Type again, exactly, the lines below from the start through the line that includes "United States Geological".

[Stored data entries]

▬▬▬▬▬▬

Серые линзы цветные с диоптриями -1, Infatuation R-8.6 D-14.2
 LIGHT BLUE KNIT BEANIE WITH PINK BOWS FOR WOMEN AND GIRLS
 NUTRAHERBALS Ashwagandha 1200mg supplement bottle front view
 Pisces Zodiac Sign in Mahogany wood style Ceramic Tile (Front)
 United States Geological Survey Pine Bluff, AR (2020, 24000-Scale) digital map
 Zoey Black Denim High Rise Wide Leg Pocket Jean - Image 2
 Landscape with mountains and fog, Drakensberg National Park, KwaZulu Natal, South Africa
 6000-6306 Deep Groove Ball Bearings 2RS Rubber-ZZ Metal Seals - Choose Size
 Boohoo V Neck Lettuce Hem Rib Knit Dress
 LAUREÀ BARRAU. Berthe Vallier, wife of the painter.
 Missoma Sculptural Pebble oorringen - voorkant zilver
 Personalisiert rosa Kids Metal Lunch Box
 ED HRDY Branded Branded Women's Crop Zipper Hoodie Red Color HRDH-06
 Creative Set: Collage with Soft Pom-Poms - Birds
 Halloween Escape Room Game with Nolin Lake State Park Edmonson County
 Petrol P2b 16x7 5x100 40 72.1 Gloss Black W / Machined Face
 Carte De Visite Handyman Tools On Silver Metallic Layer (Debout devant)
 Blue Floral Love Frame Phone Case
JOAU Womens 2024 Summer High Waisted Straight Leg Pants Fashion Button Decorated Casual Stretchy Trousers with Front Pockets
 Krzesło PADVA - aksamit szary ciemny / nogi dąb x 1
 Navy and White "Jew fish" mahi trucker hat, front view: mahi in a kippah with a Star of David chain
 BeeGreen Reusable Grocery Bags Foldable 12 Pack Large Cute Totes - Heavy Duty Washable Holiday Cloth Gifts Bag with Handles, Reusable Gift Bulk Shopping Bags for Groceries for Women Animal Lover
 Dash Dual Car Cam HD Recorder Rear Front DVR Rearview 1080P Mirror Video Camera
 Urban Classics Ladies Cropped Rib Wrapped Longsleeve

▬▬▬▬▬▬

Solved problem:
Серые линзы цветные с диоптриями -1, Infatuation R-8.6 D-14.2
 LIGHT BLUE KNIT BEANIE WITH PINK BOWS FOR WOMEN AND GIRLS
 NUTRAHERBALS Ashwagandha 1200mg supplement bottle front view
 Pisces Zodiac Sign in Mahogany wood style Ceramic Tile (Front)
 United States Geological Survey Pine Bluff, AR (2020, 24000-Scale) digital map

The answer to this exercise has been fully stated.